NFU Scotland has, since the Brexit vote more than four years ago, consistently argued that agriculture can flourish outside the EU if certain key requirements are met. They include:
Avoiding a ‘no deal’ outcome and any short-term political and economic turmoil
Ensuring as free trade in agri-food goods as possible with the EU market
Gaining greater regulatory control and discretion over UK farm practice
Maintaining access to seasonal and permanent workers required by the UK food chain
With the transition period ending on 31 December 2020, a catastrophic ‘no deal’ remains a possibility unless a deal is agreed and ratified in the next seven weeks. While apparent that significant differences remain between the UK and EU, NFUS is reminding negotiators and governments that the future stability and prosperity of the agriculture sector is incumbent on a favourable future relationship agreement being found.
The call comes as NFU Scotland Vice President Charlie Adam is scheduled to give evidence to the Scottish Parliament’s Culture, Tourism, Europe and External Affairs Committee tomorrow (Thursday 12 November) on the agricultural sector’s priorities for the future relationship and the negotiations.
It also follows NFUS joining with leading Scottish food and drink sector groups in writing to the Prime Minister last week, calling on the UK Government to take specific actions to support the food and drink sector in adjusting to a new operating environment outside the EU – deal or no deal.
As the end of transition looms large, NFUS is also encouraging its members to make use of its online step-by-step guide to Brexit preparedness to ensure that they have put all possible arrangements in place and are aware of the available government guidance.
NFU Scotland President Andrew McCornick said
There have been multiple ‘crunch’ moments in the long history of EU withdrawal and future relationship negotiations, but seven weeks from the end of transition, we are now at the wire. The uncertainty is crippling. We are hearing from a growing number of members deeply concerned about what the future may hold for them.

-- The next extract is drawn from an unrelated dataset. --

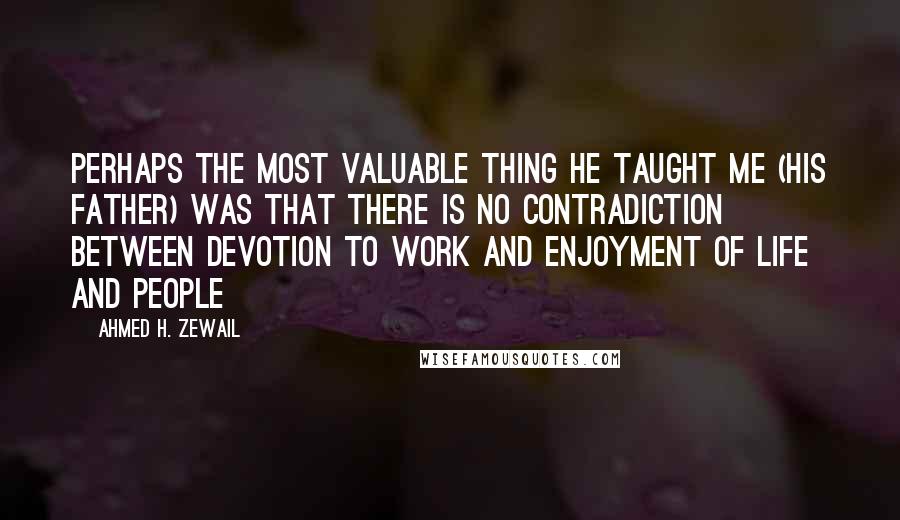 Ahmed H. Zewail Quotes: Perhaps the most valuable thing he taught me (his father) was that there is no contradiction between devotion to work and enjoyment of life and people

As an organisation representing 8,500 farmers, crofters and growers across Scotland, we continue to do all we can to encourage business preparedness through the available guidance and resources. However, the reality is that that the future is difficult to prepare for when there is still so little clarity on what our relationship will be with the UK’s largest trading partner.

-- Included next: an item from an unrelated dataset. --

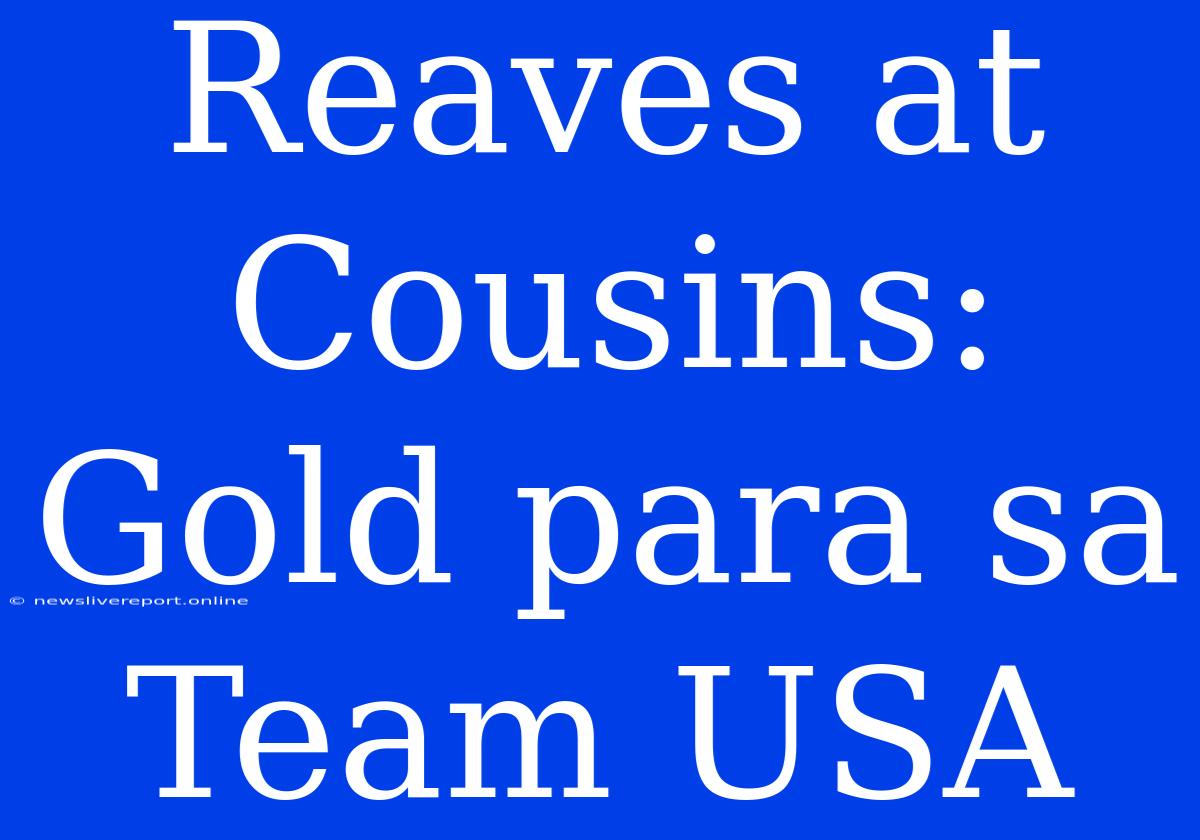 Reaves At Cousins: Gold Para Sa Team USA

Last week, NFUS joined with 11 organisations representing the Scottish food and drink sector to press the Prime Minister on the perilous situation facing this iconic sector due to continued uncertainty and the threat of a ‘no deal’.
We believe it is vital that the UK Government works constructively with the sector to ensure there are adequate safeguards, deal or no deal, that allow the sector to adjust to the new operating environment, whatever that may be.
Since the outset, NFUS has been crystal clear that there are opportunities from Brexit so long as the sector can operate within favourable trade, immigration and support policies. At this crunch moment, we need the UK Government to heed the needs of food and drink producers. They are of key strategic importance to the future health and prosperity of this nation.